Neuroanatomic correlates of psychopathologic components of major depressive disorder.

Departments of Psychiatry and Radiology, Department of Neuroscience, NY State Psychiatric Institute, Columbia University, 1051 Riverside Drive, New York, NY 10032, USA.
Archives of General Psychiatry (Impact Factor: 13.75). 05/2005; 62(4):397-408. DOI: 10.1001/archpsyc.62.4.397
Source: PubMed

ABSTRACT The Hamilton Depression Rating Scale (HDRS) is widely used to measure the severity of depression in mood disorders. Total HDRS score correlates with brain metabolism as measured by fludeoxyglucose F 18 ([(18)F]-FDG) positron emission tomography. The HDRS comprises distinct symptom clusters that may be associated with different patterns of regional brain glucose metabolism.

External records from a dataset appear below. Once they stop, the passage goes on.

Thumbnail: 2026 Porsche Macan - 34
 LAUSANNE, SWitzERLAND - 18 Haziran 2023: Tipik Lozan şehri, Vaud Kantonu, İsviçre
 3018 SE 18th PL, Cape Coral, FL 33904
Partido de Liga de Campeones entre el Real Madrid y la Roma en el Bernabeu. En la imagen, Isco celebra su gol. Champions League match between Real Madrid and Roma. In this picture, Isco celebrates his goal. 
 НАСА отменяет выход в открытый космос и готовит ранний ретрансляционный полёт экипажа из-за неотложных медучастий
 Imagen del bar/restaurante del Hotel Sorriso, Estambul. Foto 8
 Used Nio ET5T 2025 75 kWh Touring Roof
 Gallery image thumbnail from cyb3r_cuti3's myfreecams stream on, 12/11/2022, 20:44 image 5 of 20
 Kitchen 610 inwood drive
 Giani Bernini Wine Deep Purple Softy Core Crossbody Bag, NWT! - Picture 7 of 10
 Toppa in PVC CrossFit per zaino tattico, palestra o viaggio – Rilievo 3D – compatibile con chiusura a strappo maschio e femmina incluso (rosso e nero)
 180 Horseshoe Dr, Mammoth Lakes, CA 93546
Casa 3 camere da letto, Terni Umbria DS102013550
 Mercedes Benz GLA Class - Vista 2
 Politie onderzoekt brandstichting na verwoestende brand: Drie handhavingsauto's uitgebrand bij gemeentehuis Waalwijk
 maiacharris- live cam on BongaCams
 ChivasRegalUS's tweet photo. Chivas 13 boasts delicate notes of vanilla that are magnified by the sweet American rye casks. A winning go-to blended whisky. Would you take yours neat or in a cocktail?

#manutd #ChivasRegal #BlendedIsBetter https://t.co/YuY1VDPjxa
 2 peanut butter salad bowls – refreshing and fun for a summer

To examine associations between HDRS component psychopathologic clusters and resting glucose cerebral metabolism assessed by [(18)F]-FDG positron emission tomography. Patients We evaluated 298 drug-free patients who met the DSM-III-R criteria for major depressive disorder.
Five principal components were extracted from the 24-item HDRS for all subjects and ProMax rotated: psychic depression, loss of motivated behavior, psychosis, anxiety, and sleep disturbance. The [(18)F]-FDG scans were acquired in a subgroup of 43 drug-free patients in twelve 5-minute frames. Voxel-level correlation maps were generated with HDRS total and factor scores.
Total HDRS score correlated positively with activity in a large bilateral ventral cortical and subcortical region that included limbic, thalamic, and basal ganglia structures. Distinct correlation patterns were found with the 3 individual HDRS factors. Psychic depression correlated positively with metabolism in the cingulate gyrus, thalamus, and basal ganglia. Sleep disturbance correlated positively with metabolism in limbic structures and basal ganglia. Loss of motivated behavior was negatively associated with parietal and superior frontal cortical areas.
Different brain regions correlate with discrete symptom components that compose the overall syndrome of major depression. Future studies should extend knowledge about specific regional networks by identifying responsible neurotransmitters related to specific psychopathologic components of mood disorders.